— AIM OF THE TASK —
The entries below are to be copied exactly, with every picture left out.

── RECORDS SUPPLIED ──

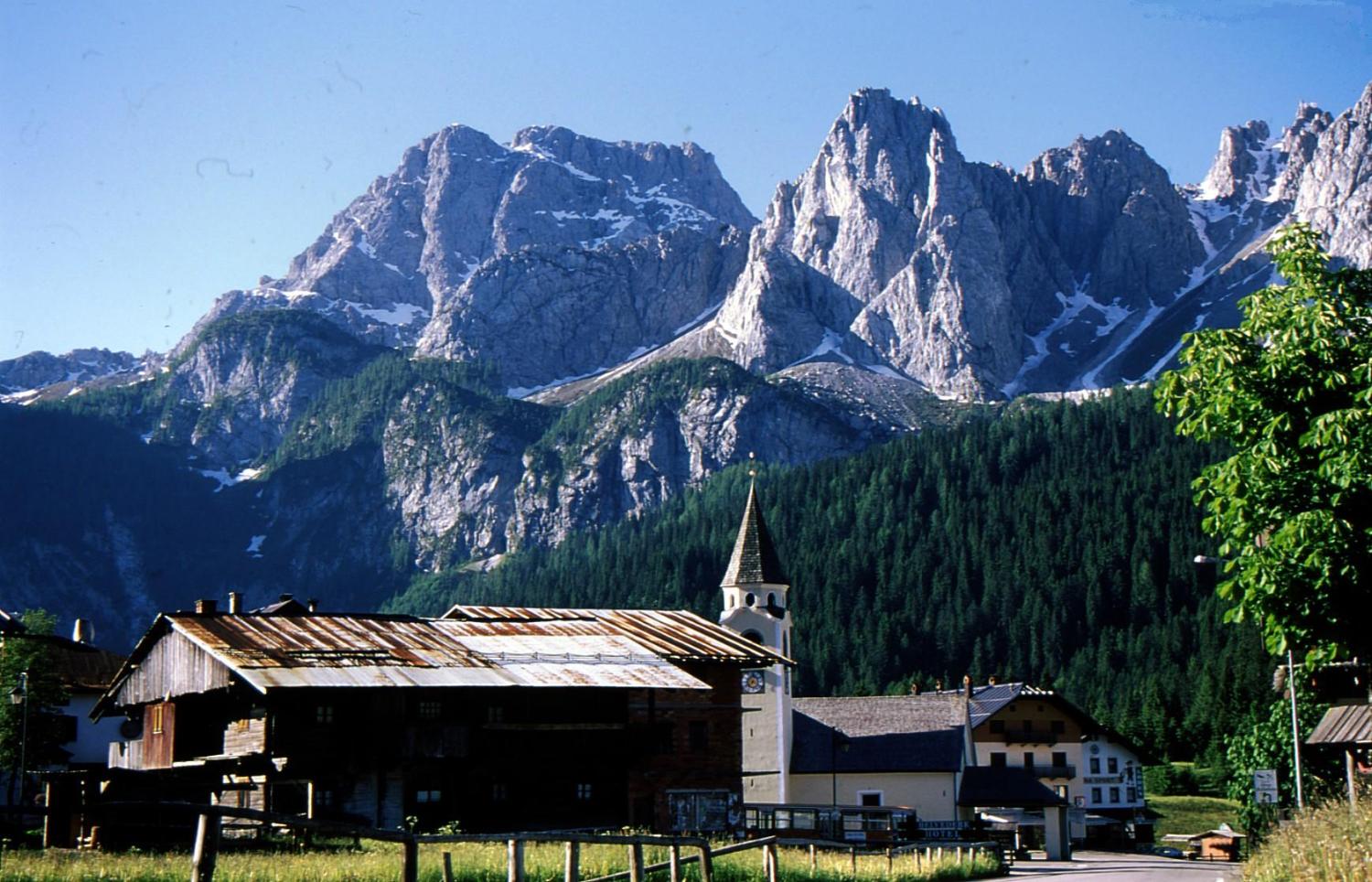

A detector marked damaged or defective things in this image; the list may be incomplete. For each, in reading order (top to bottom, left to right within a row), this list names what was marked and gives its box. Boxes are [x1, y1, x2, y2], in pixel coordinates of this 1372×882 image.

rusty corrugated metal roof [445, 603, 796, 666]
rusty corrugated metal roof [1306, 702, 1372, 746]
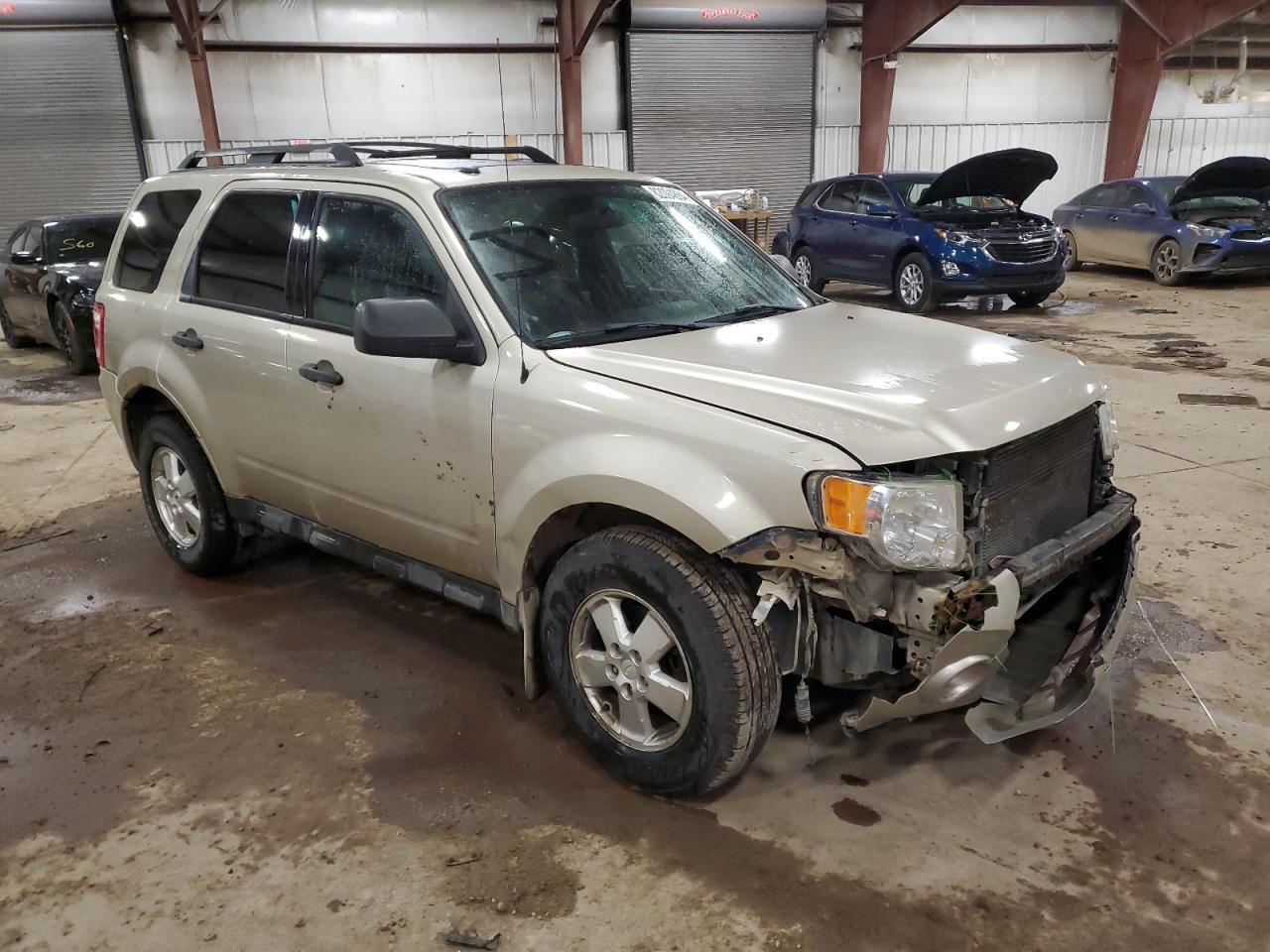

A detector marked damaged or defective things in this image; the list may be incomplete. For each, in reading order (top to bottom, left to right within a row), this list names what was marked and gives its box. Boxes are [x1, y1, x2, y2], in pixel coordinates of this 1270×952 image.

bent hood [917, 147, 1056, 206]
bent hood [1175, 156, 1270, 205]
black damaged car [2, 216, 121, 375]
bent hood [552, 303, 1103, 466]
damaged ford escape [94, 141, 1135, 797]
broken headlight assembly [810, 472, 968, 567]
cracked bumper piece [849, 494, 1135, 742]
crumpled front bumper [849, 492, 1135, 746]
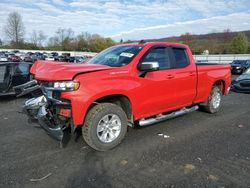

───

— RESULT FOR THIS EXERCISE —
A detector marked damaged or defective things in this image; the list may be incomplete. For each, in reading order (top to bottom, left to right within a row), this list names what was marked and gives its box. Boxes are [x1, y1, x2, y2], in pixel coordinates of this 1372×882 image.

rusty corrugated metal roof [445, 603, 796, 666]
rusty corrugated metal roof [1306, 702, 1372, 746]

A detector marked damaged or defective things in this image; the list may be incomplete. For each, in reading order (top to bottom, left to right within a row), this list names what was marked and gives its box. Boxes are [x1, y1, x2, y2], in pixel coordinates of this 1270×952 image.

bent hood [917, 147, 1056, 206]
bent hood [1175, 156, 1270, 205]
black damaged car [2, 216, 121, 375]
bent hood [552, 303, 1103, 466]
damaged ford escape [94, 141, 1135, 797]
broken headlight assembly [810, 472, 968, 567]
cracked bumper piece [849, 494, 1135, 742]
crumpled front bumper [849, 492, 1135, 746]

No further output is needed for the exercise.